The "Islamic State of Iraq and Syria" (ISIS) group's invasion of parts of Iraq in 2014 and the battles that followed to oust the group from those areas, have cost ISIS most of its top leaders.

Over the course of the conflict, "ISIS lost 43 out of 48 of its founding leaders, who were at the top of the hierarchy and played critical roles", security expert Jassim Hanoun told Diyaruna.

ISIS also lost elite field commanders and those who were "in charge of protecting ISIS's funding sources", Hanoun said, noting that the airstrikes targeting them have "caused the group's structure to collapse".

Prominent leaders killed

Most prominent among the fallen ISIS leaders was the group's top strategist and propaganda chief, who went by the alias Abu Mohammed al-Adnani.

Al-Adnani, whose real name was Taha Subhi Falaha, was killed by a coalition airstrike in Aleppo in August of 2016, the Pentagon confirmed.

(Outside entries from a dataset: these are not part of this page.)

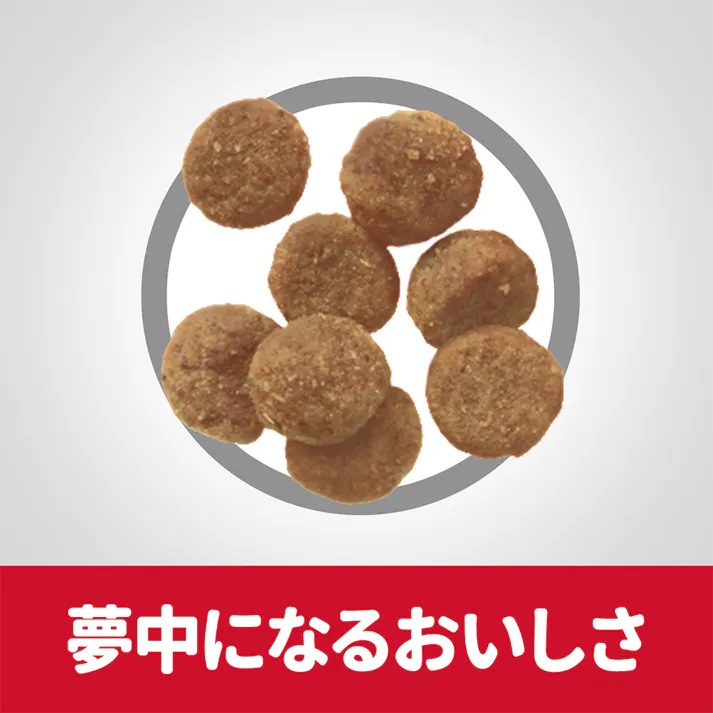 サイエンス・ダイエット 敏感なお腹と皮膚の健康サポート 小型犬用 1.3kg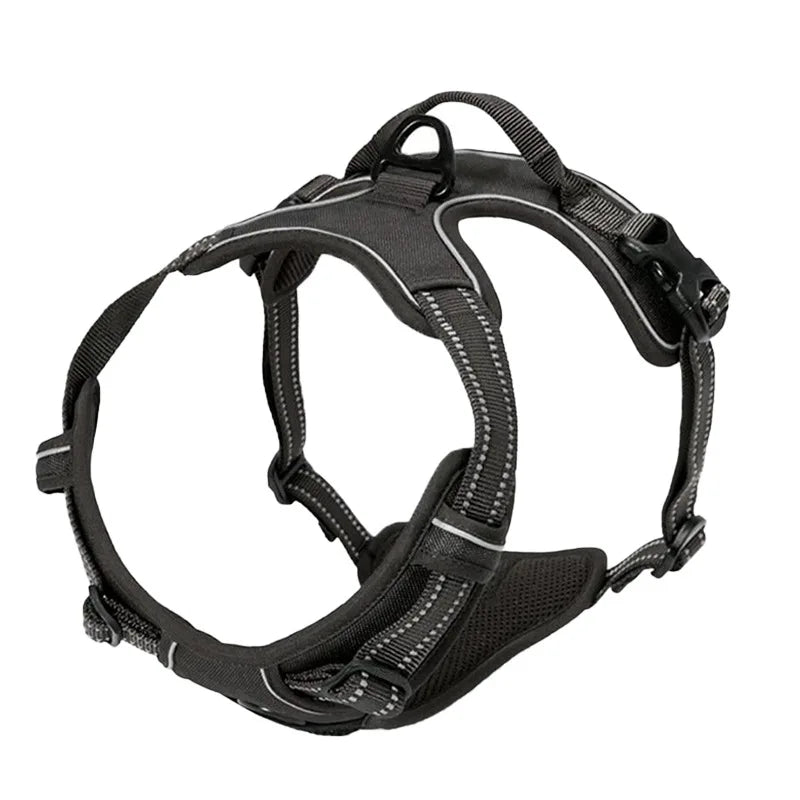 Harnais pour chien sans traction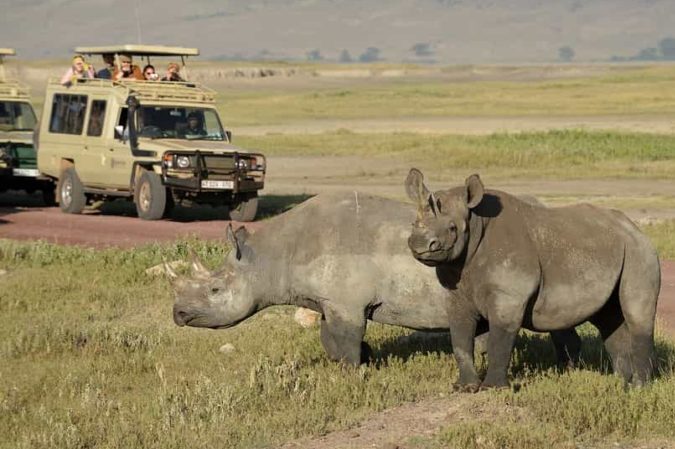View of Ngorongoro Rhinos - Tanzania safaris photo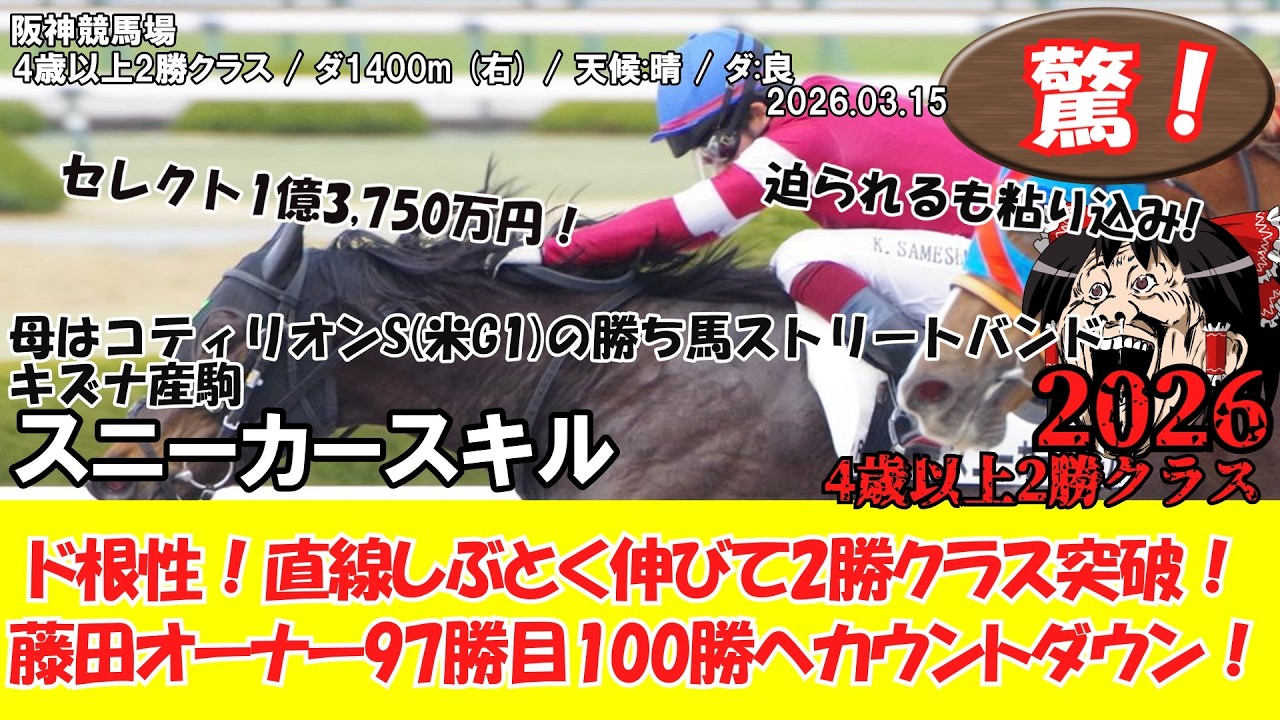 競馬】 驚き！セレクト1億3750万円の良血馬2勝クラス突破！藤田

A month earlier, the group confirmed the death of top commander Abu Omar al-Shishani, real name Tarkhan Batirashvili, in the Iraqi town of al-Sharqat.

Also killed was ISIS field commander in Anbar Shaker Wahib, also known as Abu Wahib al-Fahdawi al-Dulaimi.

Fadhil Ahmed Abdullah al-Hayali, who oversaw the ISIS occupation of Iraqi cities, was killed by a coalition strike in 2015. He had used several aliases, including Abu Muslim al-Turkmani, Hajj Mutaz and Abu Mutaz al-Qurashi.

ISIS leader Abu Bakr al-Baghdadi’s deputy, Abdul Rahman al-Qadouli, who went by the alias Abu Alaa al-Afri, was killed in an Iraqi operation in 2015.

Senior ISIS leader Adnan Ismail Najm Abdullah al-Dulaimi, known by the alias Abu Abdul Rahman al-Baylawi, was killed by Iraqi forces in 2014. He had been in charge of the group's so-called military council.

Absence of leadership

"Ambushes and individual attacks that were recently staged by ISIS were intended to tell the world that they still reserved some power," Hanoun said.

However, these attacks also reveal the "absence of a central leadership that makes plans", he said, noting that small-scale attacks on easy targets are being executed by fleeing ISIS remnants.

ISIS has returned to a modus operandi in which every member or cell works independently without any recourse to guidance or decisions made by the leaders of the group, said security expert Fadel Abu Ragheef.

The group began operating this way after a number of its leaders were killed, he told Diyaruna, noting that al-Baghdadi "now lives as a fugitive, who must move from one location to another with a small number of his followers".

The ISIS leader is now unable to lead his group and has no one upon whom he can depend, he added.

Ninawa provincial council security committee member Hassan Shabib underscored the importance of working to combat ISIS's ideology, in addition to ousting its remaining fighters.

"Not dealing strictly with this extreme ideology and preventing it from permeating the younger generation means that we will see future generations of terrorists and new leaders," he told Diyaruna.

"This war of ideologies must be our next step, after decimating the human and financial resources of terrorism," he said.